Republicans on the campaign trail are criticizing Minnesota Democratic Gov. Tim Walz, Vice President Kamala Harris’ running mate, for signing legislation that provides free tampons and pads in school bathrooms.
Karoline Leavitt, a spokesperson for former President Donald Trump’s campaign, took to Fox News this week to criticize Walz’s policies as being too left-leaning. For instance, Leavitt linked a Minnesota law aimed at making menstrual products accessible to students to transgender health care for teens, the latter of which GOP lawmakers have opposed.
“As a woman, I think there is no greater threat to our health than leaders who support gender-transition surgeries for young minors, who support putting tampons in men’s bathrooms in public schools,” Leavitt said. “Those are radical policies that Tim Walz supports. He actually signed a bill to do that.”

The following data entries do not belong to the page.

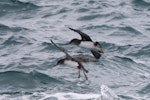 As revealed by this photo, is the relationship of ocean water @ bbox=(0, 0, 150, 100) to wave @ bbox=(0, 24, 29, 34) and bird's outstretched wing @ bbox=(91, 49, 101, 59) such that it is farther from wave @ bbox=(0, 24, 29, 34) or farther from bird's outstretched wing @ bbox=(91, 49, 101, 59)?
bird's outstretched wing @ bbox=(91, 49, 101, 59)

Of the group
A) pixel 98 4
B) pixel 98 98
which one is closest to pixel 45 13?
pixel 98 4

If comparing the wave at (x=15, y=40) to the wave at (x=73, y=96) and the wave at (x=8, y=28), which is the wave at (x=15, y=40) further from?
the wave at (x=73, y=96)

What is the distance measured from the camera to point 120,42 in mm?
16828

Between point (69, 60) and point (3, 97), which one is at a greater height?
point (69, 60)

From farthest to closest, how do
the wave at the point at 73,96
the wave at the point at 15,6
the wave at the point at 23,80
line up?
the wave at the point at 15,6
the wave at the point at 23,80
the wave at the point at 73,96

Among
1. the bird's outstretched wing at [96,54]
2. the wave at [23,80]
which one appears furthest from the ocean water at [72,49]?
the bird's outstretched wing at [96,54]

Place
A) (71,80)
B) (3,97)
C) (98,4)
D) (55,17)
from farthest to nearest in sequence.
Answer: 1. (98,4)
2. (55,17)
3. (71,80)
4. (3,97)

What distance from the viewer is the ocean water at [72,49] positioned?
13007mm

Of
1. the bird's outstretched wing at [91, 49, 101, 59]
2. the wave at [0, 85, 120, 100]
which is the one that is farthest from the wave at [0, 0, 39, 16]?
the bird's outstretched wing at [91, 49, 101, 59]

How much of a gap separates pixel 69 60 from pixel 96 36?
6.23 meters

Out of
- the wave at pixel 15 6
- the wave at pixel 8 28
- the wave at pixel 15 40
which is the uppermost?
the wave at pixel 15 40

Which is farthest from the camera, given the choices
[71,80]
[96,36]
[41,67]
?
[96,36]

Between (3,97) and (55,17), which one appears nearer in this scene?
(3,97)

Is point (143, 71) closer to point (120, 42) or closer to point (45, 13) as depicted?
point (120, 42) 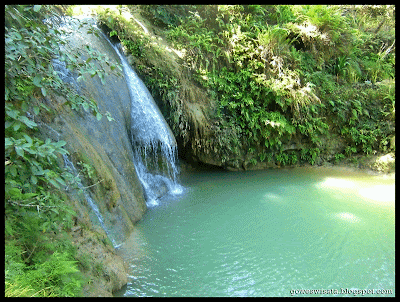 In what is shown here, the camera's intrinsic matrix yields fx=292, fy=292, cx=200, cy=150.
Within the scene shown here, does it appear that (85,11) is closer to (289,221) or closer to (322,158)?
(289,221)

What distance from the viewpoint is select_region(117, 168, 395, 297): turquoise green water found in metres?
4.20

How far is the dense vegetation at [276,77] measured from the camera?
8633 millimetres

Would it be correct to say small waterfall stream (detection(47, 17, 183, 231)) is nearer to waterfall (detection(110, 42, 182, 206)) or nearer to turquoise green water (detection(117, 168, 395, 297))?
waterfall (detection(110, 42, 182, 206))

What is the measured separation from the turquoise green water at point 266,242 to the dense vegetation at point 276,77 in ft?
5.91

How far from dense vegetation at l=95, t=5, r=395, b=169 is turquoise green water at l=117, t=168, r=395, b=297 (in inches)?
71.0

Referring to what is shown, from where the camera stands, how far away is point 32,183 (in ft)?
9.39

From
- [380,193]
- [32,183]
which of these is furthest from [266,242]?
[380,193]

Conservatives mocking the legislation argue that tampons are being placed in boys’ bathrooms, but nothing in the law explicitly states that. Instead, the measure uses gender-neutral language: “A school district or charter school must provide students access to menstrual products at no charge. The products must be available to all menstruating students in restrooms regularly used by students in grades 4 to 12 according to a plan developed by the school district.”
According to the Alliance for Period Supplies, 28 states and Washington, D.C., have laws that help students get access to period products at no cost. Policies aimed at eliminating sales taxes on period products — Minnesota was the first state to do so in 1981 — have faced broader support in Republican-led states lately. South Carolina, Texas and Nebraska, which all passed abortion restrictions in recent years, were the latest states to make tampons, pads and the like tax-exempt.
Still, conservative firebrands, such as former Trump adviser Stephen Miller, started using the moniker “Tampon Tim” to refer to Walz and sharing an image of Walz’s face photoshopped on a Tampax box. But Democrats have somewhat reclaimed the insult, using the jabs to highlight menstrual equity policies instead.
On Wednesday, former Democratic presidential candidate Hillary Clinton wrote on X, “How nice of the Trump camp to help publicize Gov. Tim Walz’s compassionate and common-sense policy of providing free menstrual products to students in Minnesota public schools! Let’s do this everywhere.”
Minnesota Rep. Sandra Feist, one of the proposal’s initial supporters, chimed in, too. “This law exemplifies what we can accomplish when we listen to students to address their needs. Excited to see MN representation at the top of the ticket! #TamponTim,” Feist wrote on X.
The period products measure passed as part of a large education bill that increased K-12 spending by $2.3 billion and early childhood education by $300 million, Minnesota Reformer reported. Some school districts complained that too much of the funding went to mandates like stocking the menstrual products in bathrooms.
Nationally, efforts to make menstrual items accessible to students haven’t gone without controversy or roadblocks. In June, Florida Republican Gov. Ron DeSantis vetoed a bill that would have launched a period product pilot program, even though the legislation had bipartisan support.
The Pennsylvania House recently passed a bill that would make pads and tampons free for public school students. One GOP lawmaker disagreed with the phrase “menstruating people” in the bill’s language and also said the legislation was “just another step by the governor and Democrats to have government provide everything for you, which leads to communism,” according to the Pennsylvania Capital-Star.
Last year, an Oregon Republican introduced a bill that would have removed a requirement for boys’ bathrooms to stock tampons and pads. A 2021 law required schools to stock menstrual products in all student restrooms, Oregon Capital Chronicle reported. The bill died in committee.